**What to do:** Only an exact copy of the entries, stripped of pictures, will serve as the answer.

(Image-text web data)
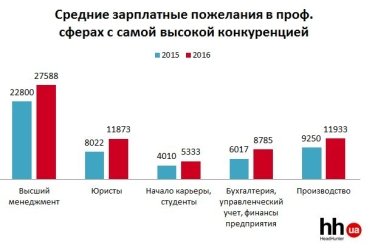 Фото 2 — Какие зарплаты готовы платить украинским специалистам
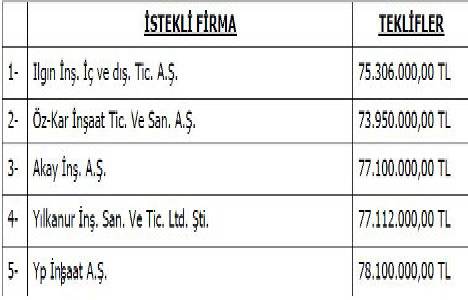 Emlak Konut Kayabaşı na Yp İnşaat 78 milyon 100 bin lira teklif verdi!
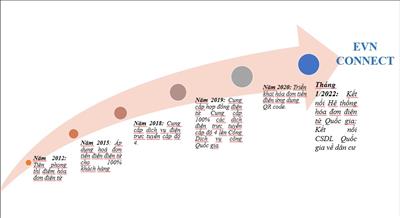 EVNCONNECT mang lại lợi ích cho khách hàng như thế nào?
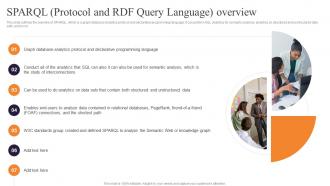 Semantic Web Ontology SPARQL Protocol And RDF Query Language Overview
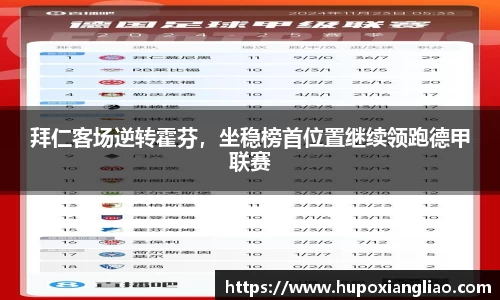 拜仁客场逆转霍芬，坐稳榜首位置继续领跑德甲联赛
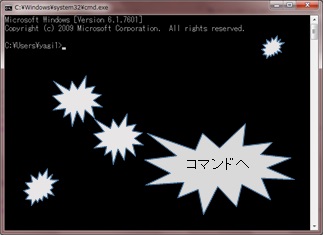 コマンドライン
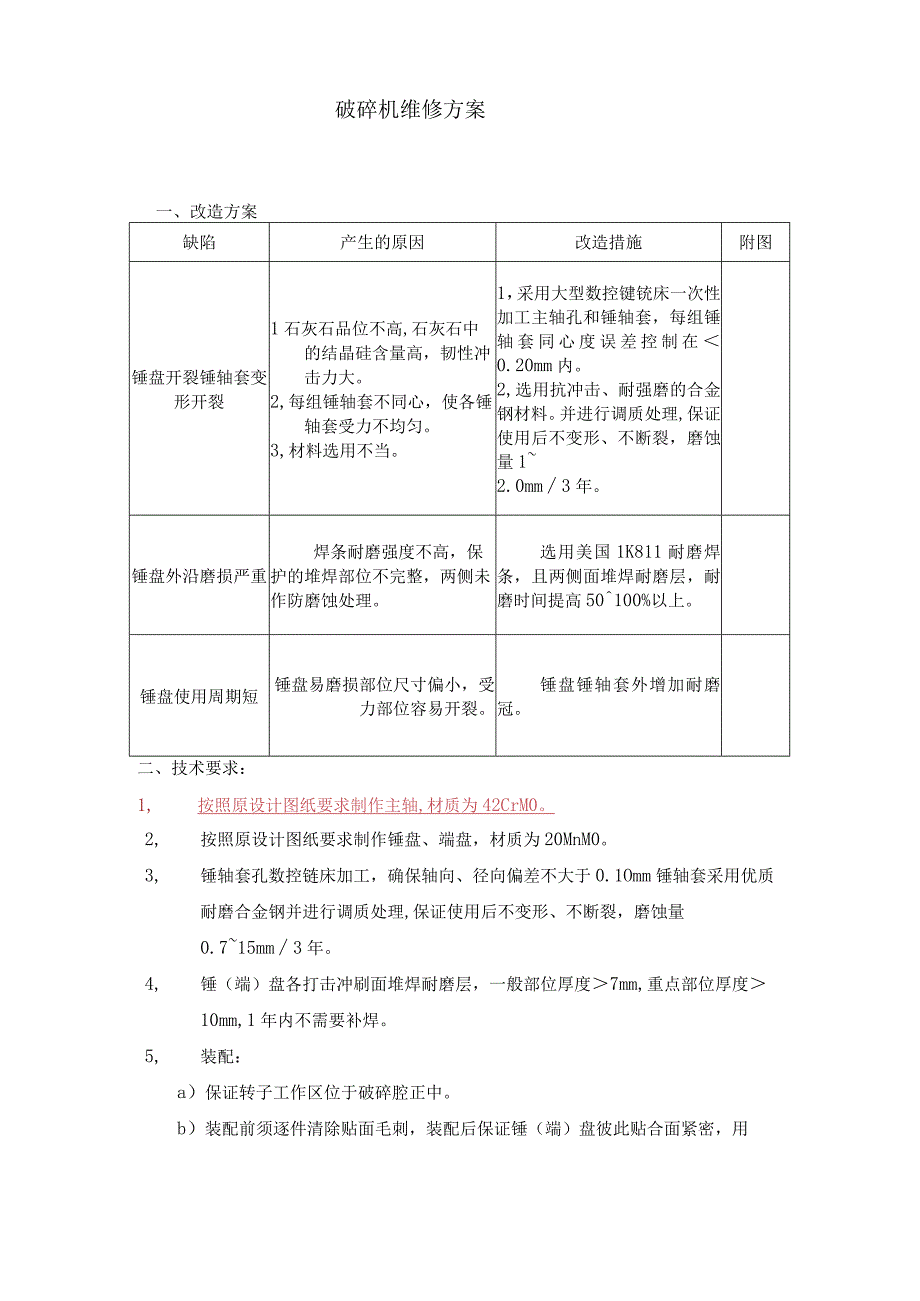 破碎机维修方案.docx_第1页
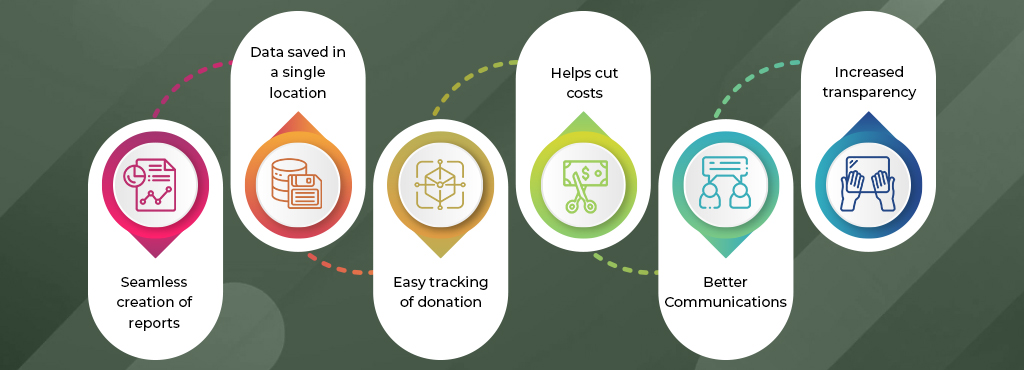 CRM Infograph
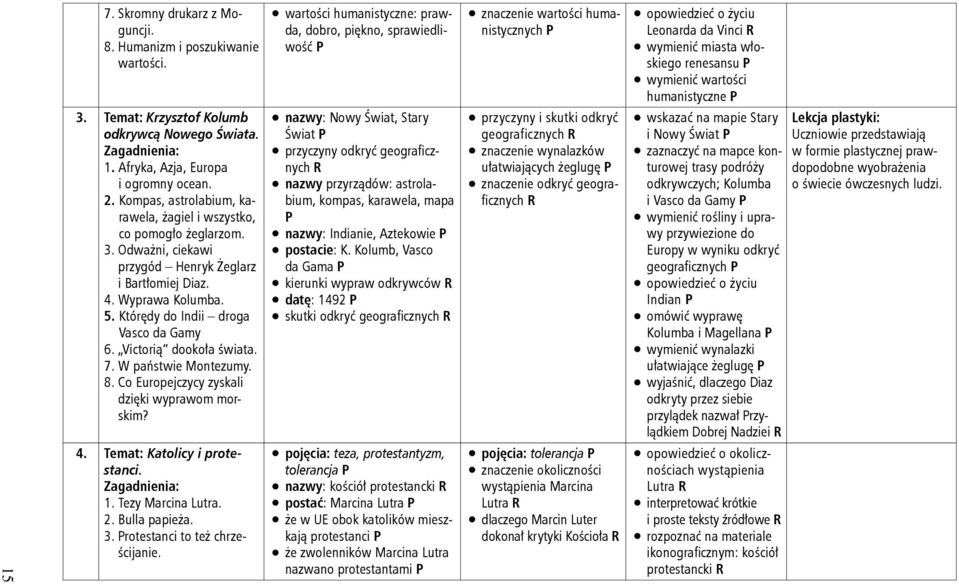 Victorią dookoła świata. 7. W państwie Montezumy. 8. Co Europejczycy zyskali dzięki wyprawom morskim? 4. Temat: Katolicy i protestanci. 1. Tezy Marcina Lutra. 2. Bulla papieża. 3.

**Task result:**
 Фото 2 — Какие зарплаты готовы платить украинским специалистам
 Emlak Konut Kayabaşı na Yp İnşaat 78 milyon 100 bin lira teklif verdi!
 EVNCONNECT mang lại lợi ích cho khách hàng như thế nào?
 Semantic Web Ontology SPARQL Protocol And RDF Query Language Overview
 拜仁客场逆转霍芬，坐稳榜首位置继续领跑德甲联赛
 コマンドライン
 破碎机维修方案.docx_第1页
 CRM Infograph
 Victorią dookoła świata. 7. W państwie Montezumy. 8. Co Europejczycy zyskali dzięki wyprawom morskim? 4. Temat: Katolicy i protestanci. 1. Tezy Marcina Lutra. 2. Bulla papieża. 3.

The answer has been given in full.